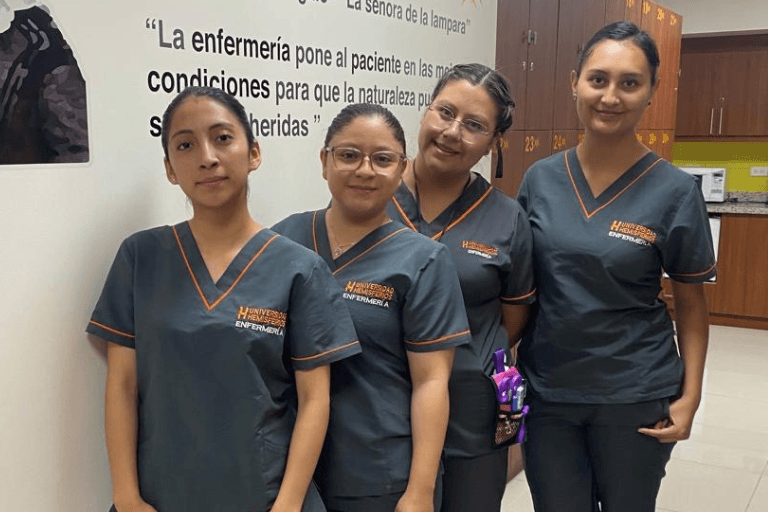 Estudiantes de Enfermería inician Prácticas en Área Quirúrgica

==

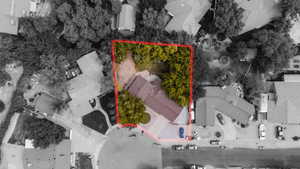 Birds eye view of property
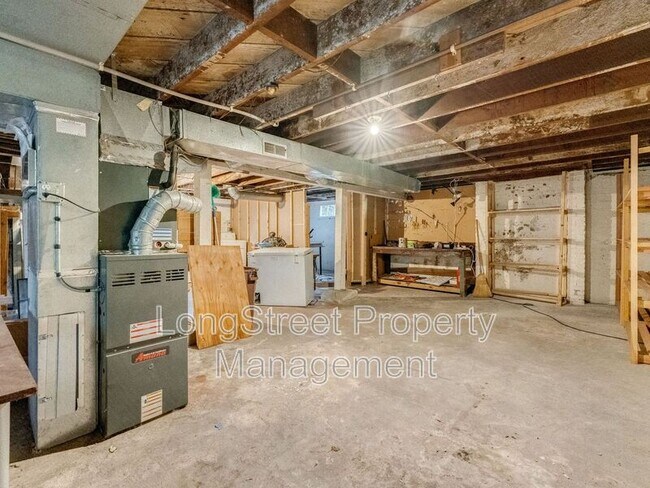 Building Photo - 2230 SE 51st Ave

---

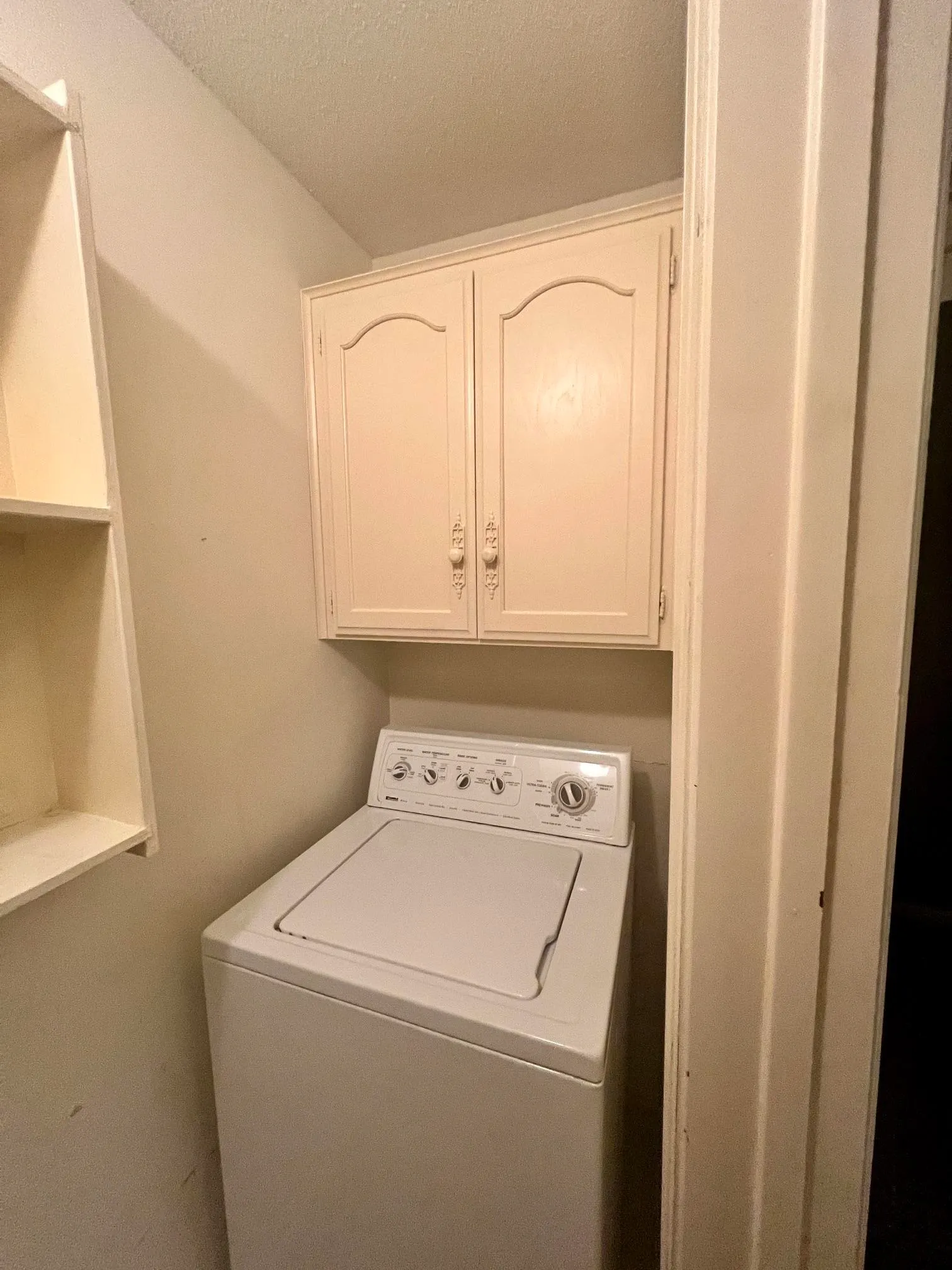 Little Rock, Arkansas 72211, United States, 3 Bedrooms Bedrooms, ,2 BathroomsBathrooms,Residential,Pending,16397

• **Exercise**
Above are the records. Copy word for word only their lines from the one holding "Birds eye view of property" through the one holding "Building Photo - 2230 SE 51st Ave", both included, and skip the images.

• **Exercise result**
 Birds eye view of property
 Building Photo - 2230 SE 51st Ave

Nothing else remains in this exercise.